Instructions to follow —
I need the records below retyped exactly.

Listed records —
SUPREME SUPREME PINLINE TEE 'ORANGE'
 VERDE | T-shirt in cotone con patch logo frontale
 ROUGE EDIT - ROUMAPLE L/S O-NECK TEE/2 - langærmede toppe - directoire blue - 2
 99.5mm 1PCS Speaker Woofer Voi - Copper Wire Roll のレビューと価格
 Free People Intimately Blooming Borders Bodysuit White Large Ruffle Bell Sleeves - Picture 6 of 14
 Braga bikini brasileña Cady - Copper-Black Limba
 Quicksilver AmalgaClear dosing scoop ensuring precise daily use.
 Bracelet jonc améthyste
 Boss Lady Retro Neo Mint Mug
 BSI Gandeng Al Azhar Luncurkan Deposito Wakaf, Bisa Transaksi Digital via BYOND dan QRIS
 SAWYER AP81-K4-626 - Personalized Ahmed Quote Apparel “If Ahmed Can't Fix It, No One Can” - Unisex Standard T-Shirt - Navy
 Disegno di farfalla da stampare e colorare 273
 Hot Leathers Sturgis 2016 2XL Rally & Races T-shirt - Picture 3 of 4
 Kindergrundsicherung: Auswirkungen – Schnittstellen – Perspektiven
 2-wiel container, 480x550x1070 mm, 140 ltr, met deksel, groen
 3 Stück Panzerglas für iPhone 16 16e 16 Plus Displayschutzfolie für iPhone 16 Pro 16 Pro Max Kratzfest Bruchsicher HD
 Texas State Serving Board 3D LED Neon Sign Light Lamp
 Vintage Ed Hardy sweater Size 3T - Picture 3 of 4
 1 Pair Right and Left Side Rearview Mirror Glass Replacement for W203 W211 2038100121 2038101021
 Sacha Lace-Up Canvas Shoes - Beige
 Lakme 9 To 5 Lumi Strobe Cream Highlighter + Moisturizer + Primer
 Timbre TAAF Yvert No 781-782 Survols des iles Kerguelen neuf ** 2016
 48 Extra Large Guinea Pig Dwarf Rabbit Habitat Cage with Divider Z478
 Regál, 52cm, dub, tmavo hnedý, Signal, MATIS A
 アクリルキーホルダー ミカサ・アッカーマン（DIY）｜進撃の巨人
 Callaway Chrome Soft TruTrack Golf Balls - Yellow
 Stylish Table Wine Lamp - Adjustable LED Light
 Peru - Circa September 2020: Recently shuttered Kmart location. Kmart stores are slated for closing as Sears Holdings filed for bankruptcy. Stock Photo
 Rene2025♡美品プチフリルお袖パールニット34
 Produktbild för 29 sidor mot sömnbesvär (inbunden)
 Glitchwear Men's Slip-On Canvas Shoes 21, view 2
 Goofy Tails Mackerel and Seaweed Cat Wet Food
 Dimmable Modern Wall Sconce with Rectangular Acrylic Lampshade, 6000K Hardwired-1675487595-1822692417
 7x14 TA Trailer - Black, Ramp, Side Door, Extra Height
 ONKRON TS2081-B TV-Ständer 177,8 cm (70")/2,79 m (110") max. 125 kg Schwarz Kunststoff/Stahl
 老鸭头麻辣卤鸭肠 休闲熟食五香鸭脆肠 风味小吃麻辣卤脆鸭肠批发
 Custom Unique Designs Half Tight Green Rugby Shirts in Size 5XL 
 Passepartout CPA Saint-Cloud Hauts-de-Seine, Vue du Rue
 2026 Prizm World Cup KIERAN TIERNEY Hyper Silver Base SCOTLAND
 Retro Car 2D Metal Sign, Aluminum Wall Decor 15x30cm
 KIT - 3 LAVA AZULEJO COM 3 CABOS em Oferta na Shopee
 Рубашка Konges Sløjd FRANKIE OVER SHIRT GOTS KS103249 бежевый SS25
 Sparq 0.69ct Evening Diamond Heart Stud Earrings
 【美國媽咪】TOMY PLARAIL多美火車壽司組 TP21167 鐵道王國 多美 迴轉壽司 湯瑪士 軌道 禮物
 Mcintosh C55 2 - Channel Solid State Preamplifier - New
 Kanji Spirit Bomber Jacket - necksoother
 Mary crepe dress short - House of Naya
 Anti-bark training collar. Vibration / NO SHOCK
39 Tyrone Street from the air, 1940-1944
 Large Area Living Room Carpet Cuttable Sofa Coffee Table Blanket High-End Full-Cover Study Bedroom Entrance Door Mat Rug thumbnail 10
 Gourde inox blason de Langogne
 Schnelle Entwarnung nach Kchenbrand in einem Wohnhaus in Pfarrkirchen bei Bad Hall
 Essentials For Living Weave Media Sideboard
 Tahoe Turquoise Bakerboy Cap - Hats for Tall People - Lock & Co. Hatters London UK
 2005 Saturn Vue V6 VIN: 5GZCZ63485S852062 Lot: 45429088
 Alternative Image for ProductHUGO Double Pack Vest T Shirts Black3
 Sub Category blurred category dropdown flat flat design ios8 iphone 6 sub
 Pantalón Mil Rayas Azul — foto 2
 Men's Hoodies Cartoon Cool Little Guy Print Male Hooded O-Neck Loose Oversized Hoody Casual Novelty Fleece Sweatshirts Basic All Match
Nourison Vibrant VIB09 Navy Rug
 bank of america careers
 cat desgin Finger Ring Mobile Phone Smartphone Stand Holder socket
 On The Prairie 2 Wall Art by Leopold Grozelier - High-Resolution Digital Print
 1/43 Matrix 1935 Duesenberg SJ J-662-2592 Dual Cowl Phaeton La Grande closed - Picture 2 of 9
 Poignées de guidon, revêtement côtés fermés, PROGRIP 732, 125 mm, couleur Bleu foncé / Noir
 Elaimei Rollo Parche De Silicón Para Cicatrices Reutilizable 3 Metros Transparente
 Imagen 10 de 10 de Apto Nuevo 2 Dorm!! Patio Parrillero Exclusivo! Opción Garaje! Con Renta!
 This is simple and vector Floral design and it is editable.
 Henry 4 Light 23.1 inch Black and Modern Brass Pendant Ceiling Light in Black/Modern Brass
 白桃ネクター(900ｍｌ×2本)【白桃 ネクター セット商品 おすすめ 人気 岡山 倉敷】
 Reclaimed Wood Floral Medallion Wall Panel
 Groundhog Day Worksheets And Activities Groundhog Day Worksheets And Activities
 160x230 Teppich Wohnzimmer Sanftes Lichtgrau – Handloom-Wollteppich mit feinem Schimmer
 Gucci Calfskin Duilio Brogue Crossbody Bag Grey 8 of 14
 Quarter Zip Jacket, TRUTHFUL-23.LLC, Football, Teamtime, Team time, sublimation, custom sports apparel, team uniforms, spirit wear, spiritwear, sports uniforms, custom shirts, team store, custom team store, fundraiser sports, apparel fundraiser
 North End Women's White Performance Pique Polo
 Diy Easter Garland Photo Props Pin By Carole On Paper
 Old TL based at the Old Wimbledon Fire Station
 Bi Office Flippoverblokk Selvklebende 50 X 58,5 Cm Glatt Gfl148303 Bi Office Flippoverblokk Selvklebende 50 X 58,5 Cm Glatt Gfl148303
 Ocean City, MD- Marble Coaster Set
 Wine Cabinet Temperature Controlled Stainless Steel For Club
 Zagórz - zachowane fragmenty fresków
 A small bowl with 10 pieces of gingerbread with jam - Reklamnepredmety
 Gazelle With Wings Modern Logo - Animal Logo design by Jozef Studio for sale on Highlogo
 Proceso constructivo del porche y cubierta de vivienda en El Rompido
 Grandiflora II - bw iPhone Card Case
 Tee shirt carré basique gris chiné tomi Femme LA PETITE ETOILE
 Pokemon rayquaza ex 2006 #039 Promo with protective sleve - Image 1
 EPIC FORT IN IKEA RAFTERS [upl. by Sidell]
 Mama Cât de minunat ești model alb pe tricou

Completed exercise —
SUPREME SUPREME PINLINE TEE 'ORANGE'
 VERDE | T-shirt in cotone con patch logo frontale
 ROUGE EDIT - ROUMAPLE L/S O-NECK TEE/2 - langærmede toppe - directoire blue - 2
 99.5mm 1PCS Speaker Woofer Voi - Copper Wire Roll のレビューと価格
 Free People Intimately Blooming Borders Bodysuit White Large Ruffle Bell Sleeves - Picture 6 of 14
 Braga bikini brasileña Cady - Copper-Black Limba
 Quicksilver AmalgaClear dosing scoop ensuring precise daily use.
 Bracelet jonc améthyste
 Boss Lady Retro Neo Mint Mug
 BSI Gandeng Al Azhar Luncurkan Deposito Wakaf, Bisa Transaksi Digital via BYOND dan QRIS
 SAWYER AP81-K4-626 - Personalized Ahmed Quote Apparel “If Ahmed Can't Fix It, No One Can” - Unisex Standard T-Shirt - Navy
 Disegno di farfalla da stampare e colorare 273
 Hot Leathers Sturgis 2016 2XL Rally & Races T-shirt - Picture 3 of 4
 Kindergrundsicherung: Auswirkungen – Schnittstellen – Perspektiven
 2-wiel container, 480x550x1070 mm, 140 ltr, met deksel, groen
 3 Stück Panzerglas für iPhone 16 16e 16 Plus Displayschutzfolie für iPhone 16 Pro 16 Pro Max Kratzfest Bruchsicher HD
 Texas State Serving Board 3D LED Neon Sign Light Lamp
 Vintage Ed Hardy sweater Size 3T - Picture 3 of 4
 1 Pair Right and Left Side Rearview Mirror Glass Replacement for W203 W211 2038100121 2038101021
 Sacha Lace-Up Canvas Shoes - Beige
 Lakme 9 To 5 Lumi Strobe Cream Highlighter + Moisturizer + Primer
 Timbre TAAF Yvert No 781-782 Survols des iles Kerguelen neuf ** 2016
 48 Extra Large Guinea Pig Dwarf Rabbit Habitat Cage with Divider Z478
 Regál, 52cm, dub, tmavo hnedý, Signal, MATIS A
 アクリルキーホルダー ミカサ・アッカーマン（DIY）｜進撃の巨人
 Callaway Chrome Soft TruTrack Golf Balls - Yellow
 Stylish Table Wine Lamp - Adjustable LED Light
 Peru - Circa September 2020: Recently shuttered Kmart location. Kmart stores are slated for closing as Sears Holdings filed for bankruptcy. Stock Photo
 Rene2025♡美品プチフリルお袖パールニット34
 Produktbild för 29 sidor mot sömnbesvär (inbunden)
 Glitchwear Men's Slip-On Canvas Shoes 21, view 2
 Goofy Tails Mackerel and Seaweed Cat Wet Food
 Dimmable Modern Wall Sconce with Rectangular Acrylic Lampshade, 6000K Hardwired-1675487595-1822692417
 7x14 TA Trailer - Black, Ramp, Side Door, Extra Height
 ONKRON TS2081-B TV-Ständer 177,8 cm (70")/2,79 m (110") max. 125 kg Schwarz Kunststoff/Stahl
 老鸭头麻辣卤鸭肠 休闲熟食五香鸭脆肠 风味小吃麻辣卤脆鸭肠批发
 Custom Unique Designs Half Tight Green Rugby Shirts in Size 5XL 
 Passepartout CPA Saint-Cloud Hauts-de-Seine, Vue du Rue
 2026 Prizm World Cup KIERAN TIERNEY Hyper Silver Base SCOTLAND
 Retro Car 2D Metal Sign, Aluminum Wall Decor 15x30cm
 KIT - 3 LAVA AZULEJO COM 3 CABOS em Oferta na Shopee
 Рубашка Konges Sløjd FRANKIE OVER SHIRT GOTS KS103249 бежевый SS25
 Sparq 0.69ct Evening Diamond Heart Stud Earrings
 【美國媽咪】TOMY PLARAIL多美火車壽司組 TP21167 鐵道王國 多美 迴轉壽司 湯瑪士 軌道 禮物
 Mcintosh C55 2 - Channel Solid State Preamplifier - New
 Kanji Spirit Bomber Jacket - necksoother
 Mary crepe dress short - House of Naya
 Anti-bark training collar. Vibration / NO SHOCK
39 Tyrone Street from the air, 1940-1944
 Large Area Living Room Carpet Cuttable Sofa Coffee Table Blanket High-End Full-Cover Study Bedroom Entrance Door Mat Rug thumbnail 10
 Gourde inox blason de Langogne
 Schnelle Entwarnung nach Kchenbrand in einem Wohnhaus in Pfarrkirchen bei Bad Hall
 Essentials For Living Weave Media Sideboard
 Tahoe Turquoise Bakerboy Cap - Hats for Tall People - Lock & Co. Hatters London UK
 2005 Saturn Vue V6 VIN: 5GZCZ63485S852062 Lot: 45429088
 Alternative Image for ProductHUGO Double Pack Vest T Shirts Black3
 Sub Category blurred category dropdown flat flat design ios8 iphone 6 sub
 Pantalón Mil Rayas Azul — foto 2
 Men's Hoodies Cartoon Cool Little Guy Print Male Hooded O-Neck Loose Oversized Hoody Casual Novelty Fleece Sweatshirts Basic All Match
Nourison Vibrant VIB09 Navy Rug
 bank of america careers
 cat desgin Finger Ring Mobile Phone Smartphone Stand Holder socket
 On The Prairie 2 Wall Art by Leopold Grozelier - High-Resolution Digital Print
 1/43 Matrix 1935 Duesenberg SJ J-662-2592 Dual Cowl Phaeton La Grande closed - Picture 2 of 9
 Poignées de guidon, revêtement côtés fermés, PROGRIP 732, 125 mm, couleur Bleu foncé / Noir
 Elaimei Rollo Parche De Silicón Para Cicatrices Reutilizable 3 Metros Transparente
 Imagen 10 de 10 de Apto Nuevo 2 Dorm!! Patio Parrillero Exclusivo! Opción Garaje! Con Renta!
 This is simple and vector Floral design and it is editable.
 Henry 4 Light 23.1 inch Black and Modern Brass Pendant Ceiling Light in Black/Modern Brass
 白桃ネクター(900ｍｌ×2本)【白桃 ネクター セット商品 おすすめ 人気 岡山 倉敷】
 Reclaimed Wood Floral Medallion Wall Panel
 Groundhog Day Worksheets And Activities Groundhog Day Worksheets And Activities
 160x230 Teppich Wohnzimmer Sanftes Lichtgrau – Handloom-Wollteppich mit feinem Schimmer
 Gucci Calfskin Duilio Brogue Crossbody Bag Grey 8 of 14
 Quarter Zip Jacket, TRUTHFUL-23.LLC, Football, Teamtime, Team time, sublimation, custom sports apparel, team uniforms, spirit wear, spiritwear, sports uniforms, custom shirts, team store, custom team store, fundraiser sports, apparel fundraiser
 North End Women's White Performance Pique Polo
 Diy Easter Garland Photo Props Pin By Carole On Paper
 Old TL based at the Old Wimbledon Fire Station
 Bi Office Flippoverblokk Selvklebende 50 X 58,5 Cm Glatt Gfl148303 Bi Office Flippoverblokk Selvklebende 50 X 58,5 Cm Glatt Gfl148303
 Ocean City, MD- Marble Coaster Set
 Wine Cabinet Temperature Controlled Stainless Steel For Club
 Zagórz - zachowane fragmenty fresków
 A small bowl with 10 pieces of gingerbread with jam - Reklamnepredmety
 Gazelle With Wings Modern Logo - Animal Logo design by Jozef Studio for sale on Highlogo
 Proceso constructivo del porche y cubierta de vivienda en El Rompido
 Grandiflora II - bw iPhone Card Case
 Tee shirt carré basique gris chiné tomi Femme LA PETITE ETOILE
 Pokemon rayquaza ex 2006 #039 Promo with protective sleve - Image 1
 EPIC FORT IN IKEA RAFTERS [upl. by Sidell]
 Mama Cât de minunat ești model alb pe tricou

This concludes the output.